::: Excerpted records
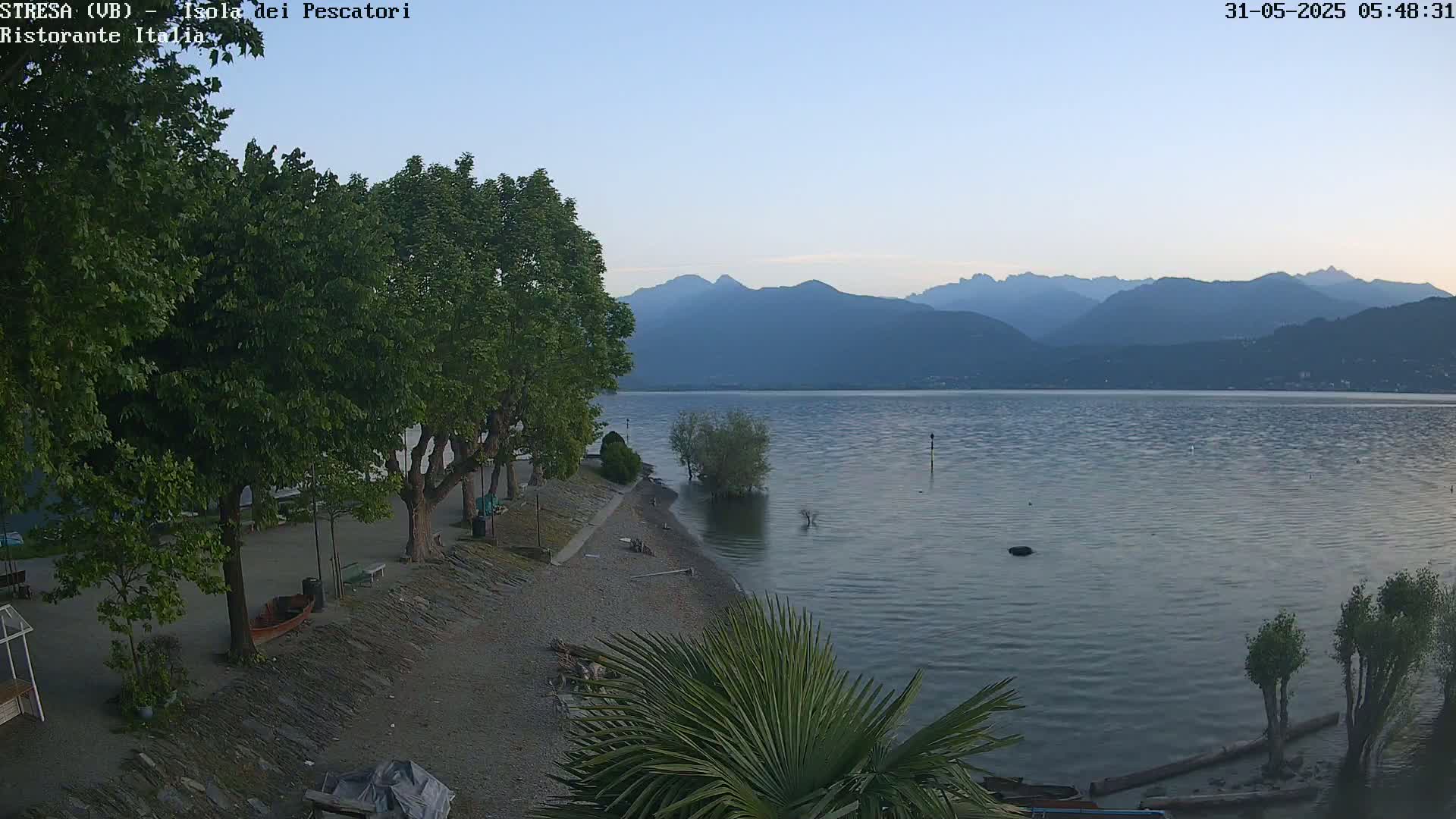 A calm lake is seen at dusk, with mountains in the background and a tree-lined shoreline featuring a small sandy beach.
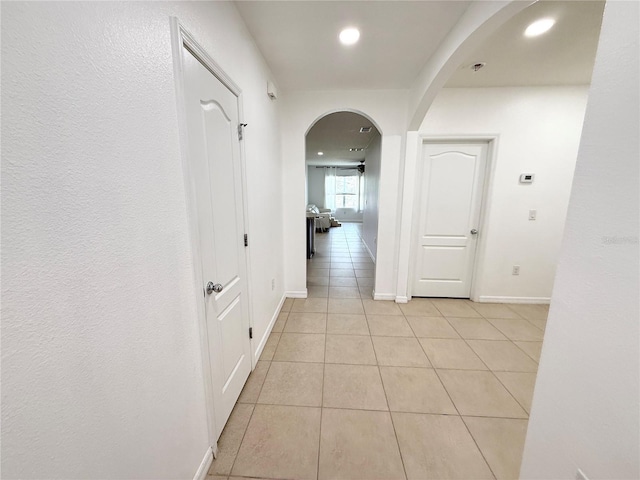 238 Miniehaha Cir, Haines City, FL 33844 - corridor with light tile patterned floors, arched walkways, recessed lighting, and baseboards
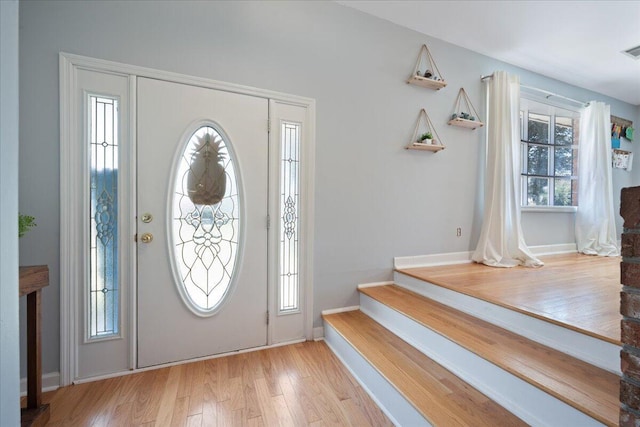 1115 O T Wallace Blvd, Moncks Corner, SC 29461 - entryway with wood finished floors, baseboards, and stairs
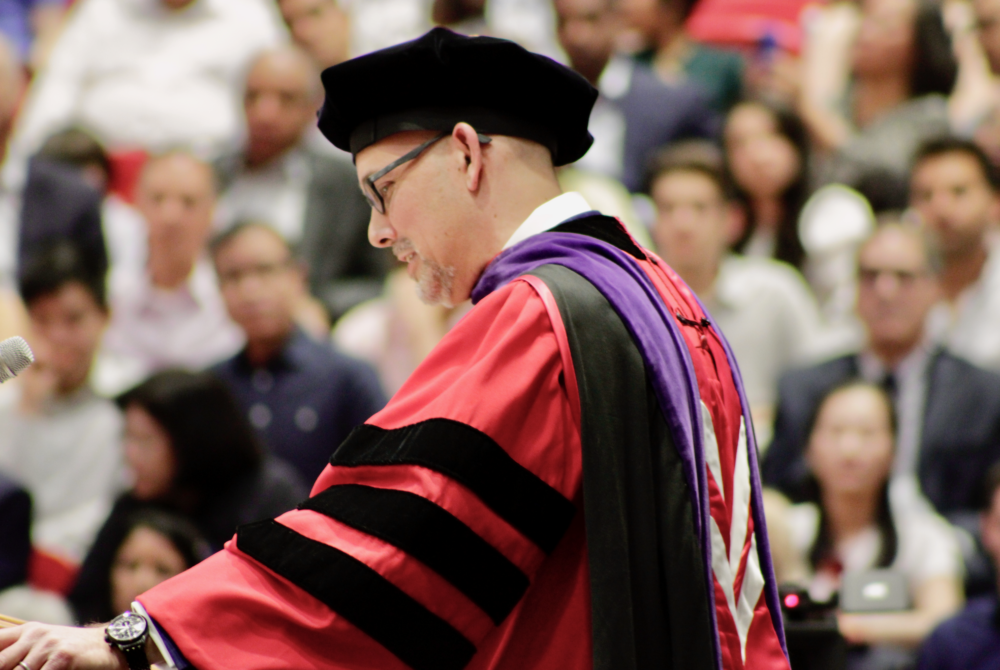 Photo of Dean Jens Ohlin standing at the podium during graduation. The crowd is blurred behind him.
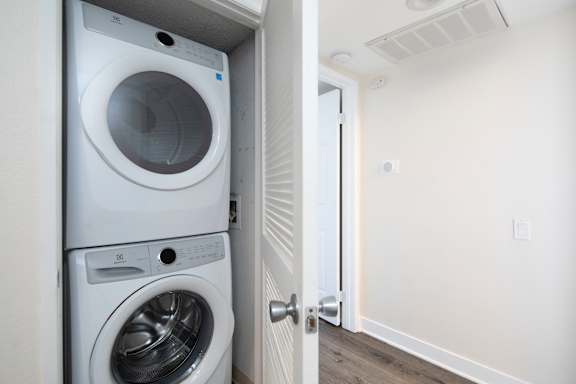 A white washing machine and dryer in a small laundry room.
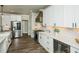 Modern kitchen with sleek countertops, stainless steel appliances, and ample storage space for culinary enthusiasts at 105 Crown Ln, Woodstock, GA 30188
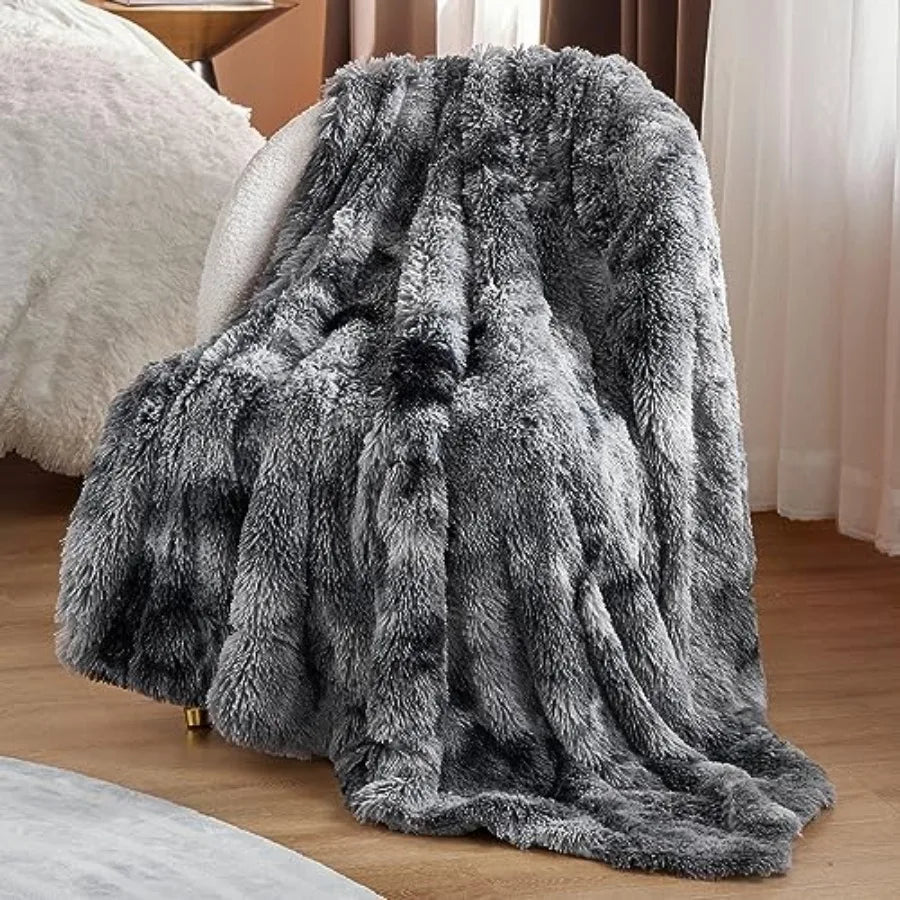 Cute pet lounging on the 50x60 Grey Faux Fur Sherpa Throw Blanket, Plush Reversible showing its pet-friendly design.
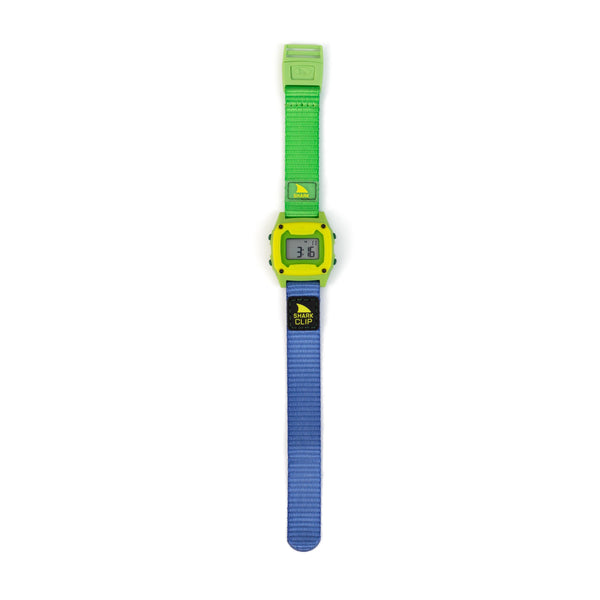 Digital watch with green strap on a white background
::::::
::: Excerpted records
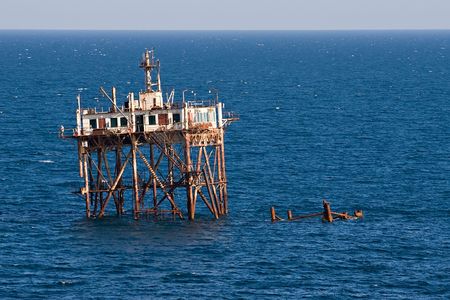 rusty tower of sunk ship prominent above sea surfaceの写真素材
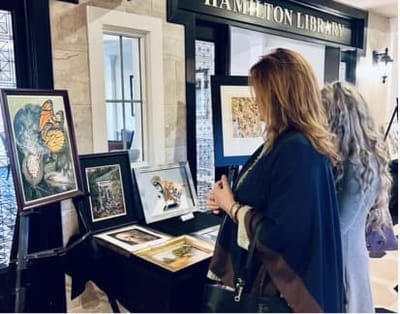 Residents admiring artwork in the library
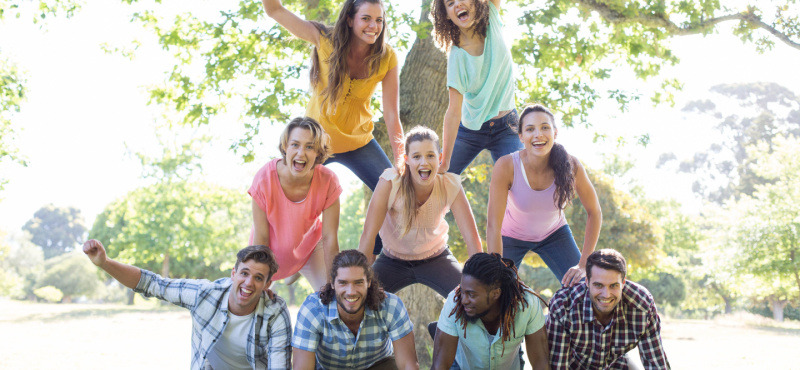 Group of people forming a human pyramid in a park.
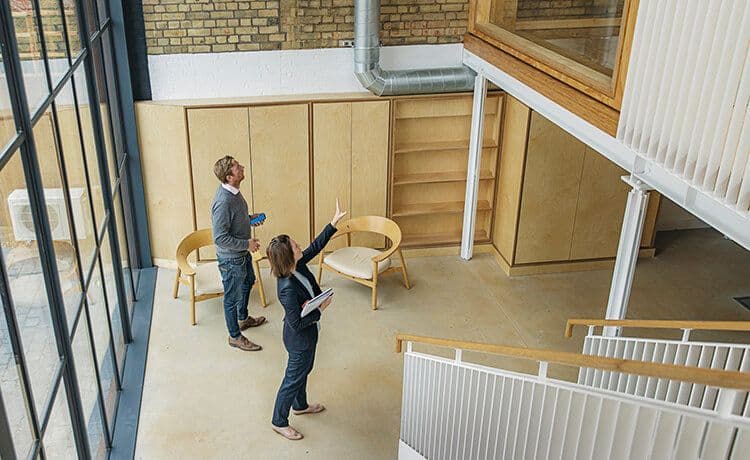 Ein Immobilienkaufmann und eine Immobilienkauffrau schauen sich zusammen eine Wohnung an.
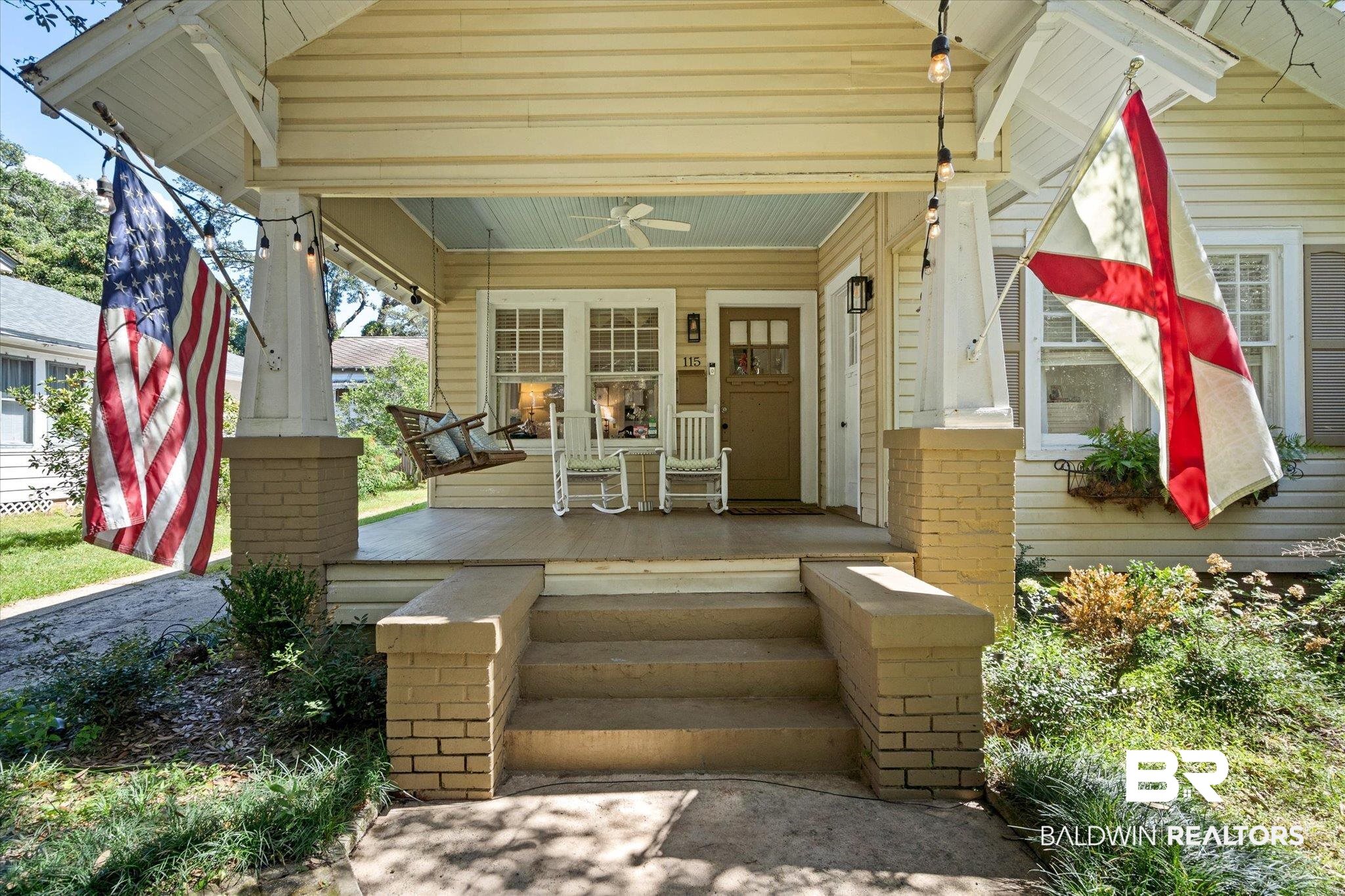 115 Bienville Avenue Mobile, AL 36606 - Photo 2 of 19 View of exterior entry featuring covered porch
::::::
▶ _Requirement_
Using the data above, copy exactly the lines from the one containing "Modern kitchen with" to the one containing "Digital watch with", inclusive. Exclude the pictures.

▶ _Answer box_
 Modern kitchen with sleek countertops, stainless steel appliances, and ample storage space for culinary enthusiasts at 105 Crown Ln, Woodstock, GA 30188
 Cute pet lounging on the 50x60 Grey Faux Fur Sherpa Throw Blanket, Plush Reversible showing its pet-friendly design.
 Digital watch with green strap on a white background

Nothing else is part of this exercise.